* **Work instruction**
Exact repetition of the data is the whole task.

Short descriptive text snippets
******
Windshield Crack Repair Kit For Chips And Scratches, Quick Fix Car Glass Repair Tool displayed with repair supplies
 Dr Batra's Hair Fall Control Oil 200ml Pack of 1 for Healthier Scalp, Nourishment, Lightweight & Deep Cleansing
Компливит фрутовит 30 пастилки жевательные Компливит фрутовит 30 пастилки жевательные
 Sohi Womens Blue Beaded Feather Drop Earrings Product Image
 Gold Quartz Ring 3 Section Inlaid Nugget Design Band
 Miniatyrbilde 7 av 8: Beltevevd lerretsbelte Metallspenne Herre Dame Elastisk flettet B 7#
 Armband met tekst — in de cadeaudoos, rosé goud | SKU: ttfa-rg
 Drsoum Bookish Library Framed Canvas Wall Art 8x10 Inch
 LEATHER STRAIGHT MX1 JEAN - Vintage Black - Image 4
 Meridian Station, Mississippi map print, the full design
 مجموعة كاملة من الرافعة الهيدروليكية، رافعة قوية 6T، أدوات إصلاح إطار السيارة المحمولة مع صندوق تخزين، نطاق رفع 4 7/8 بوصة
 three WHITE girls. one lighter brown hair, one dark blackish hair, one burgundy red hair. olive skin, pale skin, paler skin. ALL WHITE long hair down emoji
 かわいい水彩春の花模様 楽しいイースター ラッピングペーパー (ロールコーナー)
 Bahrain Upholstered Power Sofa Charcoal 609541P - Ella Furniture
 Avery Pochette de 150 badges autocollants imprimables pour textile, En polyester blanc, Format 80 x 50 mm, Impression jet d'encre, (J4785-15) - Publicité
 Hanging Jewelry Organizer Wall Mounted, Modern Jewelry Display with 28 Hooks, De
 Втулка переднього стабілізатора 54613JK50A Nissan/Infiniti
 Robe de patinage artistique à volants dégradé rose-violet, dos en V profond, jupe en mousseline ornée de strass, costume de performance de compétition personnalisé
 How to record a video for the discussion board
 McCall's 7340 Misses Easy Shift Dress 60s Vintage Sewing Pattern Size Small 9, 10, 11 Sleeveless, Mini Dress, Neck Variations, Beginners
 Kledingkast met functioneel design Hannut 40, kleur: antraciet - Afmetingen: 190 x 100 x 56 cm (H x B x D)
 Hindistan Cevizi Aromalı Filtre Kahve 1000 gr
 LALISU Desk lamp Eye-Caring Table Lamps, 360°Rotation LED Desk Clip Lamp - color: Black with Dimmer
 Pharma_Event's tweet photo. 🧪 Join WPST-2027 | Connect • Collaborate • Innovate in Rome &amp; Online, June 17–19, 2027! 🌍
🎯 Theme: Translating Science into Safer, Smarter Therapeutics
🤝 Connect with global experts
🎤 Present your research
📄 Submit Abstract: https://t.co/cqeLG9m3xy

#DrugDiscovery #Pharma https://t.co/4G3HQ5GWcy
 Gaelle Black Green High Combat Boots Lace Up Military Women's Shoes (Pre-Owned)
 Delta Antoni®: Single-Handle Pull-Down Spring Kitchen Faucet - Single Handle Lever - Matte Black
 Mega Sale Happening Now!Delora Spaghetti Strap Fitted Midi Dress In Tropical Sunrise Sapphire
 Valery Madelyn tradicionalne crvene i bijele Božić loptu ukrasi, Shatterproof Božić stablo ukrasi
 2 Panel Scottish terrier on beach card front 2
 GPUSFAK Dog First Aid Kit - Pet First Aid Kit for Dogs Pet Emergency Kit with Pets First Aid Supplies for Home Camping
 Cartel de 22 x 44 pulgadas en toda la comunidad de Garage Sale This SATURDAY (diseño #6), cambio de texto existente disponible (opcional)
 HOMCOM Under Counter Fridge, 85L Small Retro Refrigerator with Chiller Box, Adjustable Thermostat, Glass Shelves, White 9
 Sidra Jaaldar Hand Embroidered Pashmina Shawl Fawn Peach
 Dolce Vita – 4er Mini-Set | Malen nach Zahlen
******
* **Output**
Windshield Crack Repair Kit For Chips And Scratches, Quick Fix Car Glass Repair Tool displayed with repair supplies
 Dr Batra's Hair Fall Control Oil 200ml Pack of 1 for Healthier Scalp, Nourishment, Lightweight & Deep Cleansing
Компливит фрутовит 30 пастилки жевательные Компливит фрутовит 30 пастилки жевательные
 Sohi Womens Blue Beaded Feather Drop Earrings Product Image
 Gold Quartz Ring 3 Section Inlaid Nugget Design Band
 Miniatyrbilde 7 av 8: Beltevevd lerretsbelte Metallspenne Herre Dame Elastisk flettet B 7#
 Armband met tekst — in de cadeaudoos, rosé goud | SKU: ttfa-rg
 Drsoum Bookish Library Framed Canvas Wall Art 8x10 Inch
 LEATHER STRAIGHT MX1 JEAN - Vintage Black - Image 4
 Meridian Station, Mississippi map print, the full design
 مجموعة كاملة من الرافعة الهيدروليكية، رافعة قوية 6T، أدوات إصلاح إطار السيارة المحمولة مع صندوق تخزين، نطاق رفع 4 7/8 بوصة
 three WHITE girls. one lighter brown hair, one dark blackish hair, one burgundy red hair. olive skin, pale skin, paler skin. ALL WHITE long hair down emoji
 かわいい水彩春の花模様 楽しいイースター ラッピングペーパー (ロールコーナー)
 Bahrain Upholstered Power Sofa Charcoal 609541P - Ella Furniture
 Avery Pochette de 150 badges autocollants imprimables pour textile, En polyester blanc, Format 80 x 50 mm, Impression jet d'encre, (J4785-15) - Publicité
 Hanging Jewelry Organizer Wall Mounted, Modern Jewelry Display with 28 Hooks, De
 Втулка переднього стабілізатора 54613JK50A Nissan/Infiniti
 Robe de patinage artistique à volants dégradé rose-violet, dos en V profond, jupe en mousseline ornée de strass, costume de performance de compétition personnalisé
 How to record a video for the discussion board
 McCall's 7340 Misses Easy Shift Dress 60s Vintage Sewing Pattern Size Small 9, 10, 11 Sleeveless, Mini Dress, Neck Variations, Beginners
 Kledingkast met functioneel design Hannut 40, kleur: antraciet - Afmetingen: 190 x 100 x 56 cm (H x B x D)
 Hindistan Cevizi Aromalı Filtre Kahve 1000 gr
 LALISU Desk lamp Eye-Caring Table Lamps, 360°Rotation LED Desk Clip Lamp - color: Black with Dimmer
 Pharma_Event's tweet photo. 🧪 Join WPST-2027 | Connect • Collaborate • Innovate in Rome &amp; Online, June 17–19, 2027! 🌍
🎯 Theme: Translating Science into Safer, Smarter Therapeutics
🤝 Connect with global experts
🎤 Present your research
📄 Submit Abstract: https://t.co/cqeLG9m3xy

#DrugDiscovery #Pharma https://t.co/4G3HQ5GWcy
 Gaelle Black Green High Combat Boots Lace Up Military Women's Shoes (Pre-Owned)
 Delta Antoni®: Single-Handle Pull-Down Spring Kitchen Faucet - Single Handle Lever - Matte Black
 Mega Sale Happening Now!Delora Spaghetti Strap Fitted Midi Dress In Tropical Sunrise Sapphire
 Valery Madelyn tradicionalne crvene i bijele Božić loptu ukrasi, Shatterproof Božić stablo ukrasi
 2 Panel Scottish terrier on beach card front 2
 GPUSFAK Dog First Aid Kit - Pet First Aid Kit for Dogs Pet Emergency Kit with Pets First Aid Supplies for Home Camping
 Cartel de 22 x 44 pulgadas en toda la comunidad de Garage Sale This SATURDAY (diseño #6), cambio de texto existente disponible (opcional)
 HOMCOM Under Counter Fridge, 85L Small Retro Refrigerator with Chiller Box, Adjustable Thermostat, Glass Shelves, White 9
 Sidra Jaaldar Hand Embroidered Pashmina Shawl Fawn Peach
 Dolce Vita – 4er Mini-Set | Malen nach Zahlen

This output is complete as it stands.